Protocol Intelligence

Decoding Inclusion/Exclusion Criteria at Scale: Why Protocol Language Is Harder Than It Looks

CTO & Co-Founder December 16, 2024 8 min read

Protocol document with highlighted inclusion and exclusion criteria text

Inclusion and exclusion criteria are written for a specific audience: FDA reviewers, IRB committees, and regulatory affairs teams who need to understand the study population, assess risk, and evaluate scientific rationale. They are not written for databases. The language is precise in a regulatory sense — carefully constructed to withstand scrutiny in a submission package — but that precision is expressed in natural language with embedded logic, implicit temporal references, and clinical ontology concepts that no SQL query understands natively.

Building a system that reliably parses I/E criteria at scale means confronting that gap directly. This article describes the specific linguistic and structural patterns that make protocol parsing harder than it appears — not to suggest the problem is unsolvable, but to explain why a naive approach (regular expression matching, simple keyword extraction, off-the-shelf NLP pipelines) reliably fails in production trial environments.
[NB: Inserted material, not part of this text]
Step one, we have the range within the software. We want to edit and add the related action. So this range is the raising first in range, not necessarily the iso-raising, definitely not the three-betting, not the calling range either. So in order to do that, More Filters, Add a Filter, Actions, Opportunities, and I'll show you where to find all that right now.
The temporal constraint problem

Temporal constraints are among the most common and most underestimated challenge in I/E criteria parsing. A criterion like "eGFR ≥60 mL/min/1.73m² within 90 days prior to screening" contains three distinct data requirements: the lab value identity (eGFR, which maps to LOINC 69405-9 for CKD-EPI or 33914-3 for MDRD, depending on the lab), the threshold value (≥60), and the temporal window (within 90 days of the screening date).

Each of these requires a different handling strategy. The lab value identity requires ontology normalization — different labs use different LOINC codes for eGFR variants, and the clinical equivalence of those codes must be established before the query can be written. The threshold is straightforward once the field is identified, but the comparator (≥ versus > versus ≤) must be parsed accurately, as the difference between eGFR ≥60 and eGFR >60 is clinically meaningful for patients at exactly 60. The temporal window is the most complex: "within 90 days prior to screening" is a relative reference that can only be evaluated against a specific screening date, which at pre-screening time is either unknown or set to today as a proxy.
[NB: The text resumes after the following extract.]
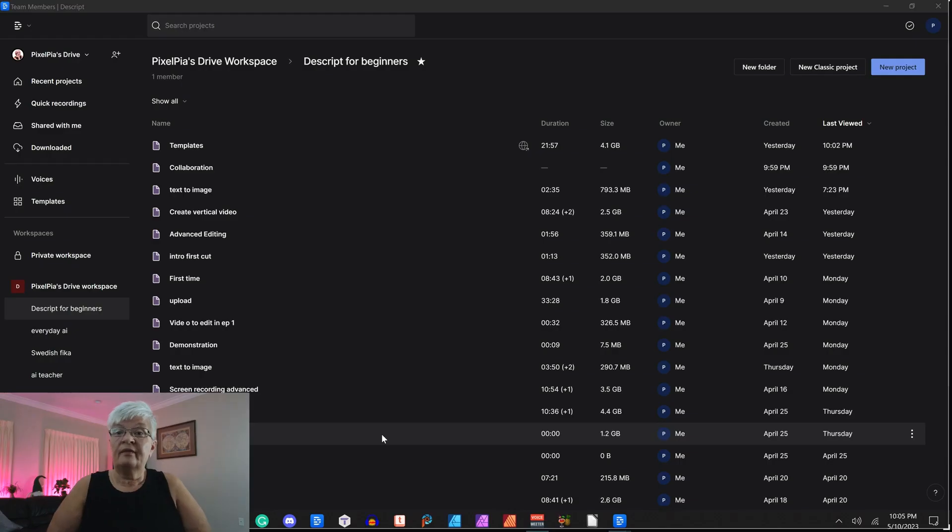I am Pixabia. In today's video we're going to talk about how you can collaborate using Descript. So let's move over to my computer.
Temporal language in protocols is not standardized. A single trial might contain all of the following formulations across its I/E criteria:

"within the 12 weeks prior to enrollment"
"at least 3 months before the baseline visit"
"no earlier than 6 months prior to study entry"
"documented within the preceding 6 calendar months"
"not within 30 days of randomization"

These expressions refer to different reference points (enrollment, baseline visit, study entry, randomization), different time units (weeks, months, calendar months), and different directions (prior to, not within). A parser that handles "within 12 weeks" but treats "at least 3 months before" as a different structural class will fail on a significant fraction of criteria across a real trial portfolio.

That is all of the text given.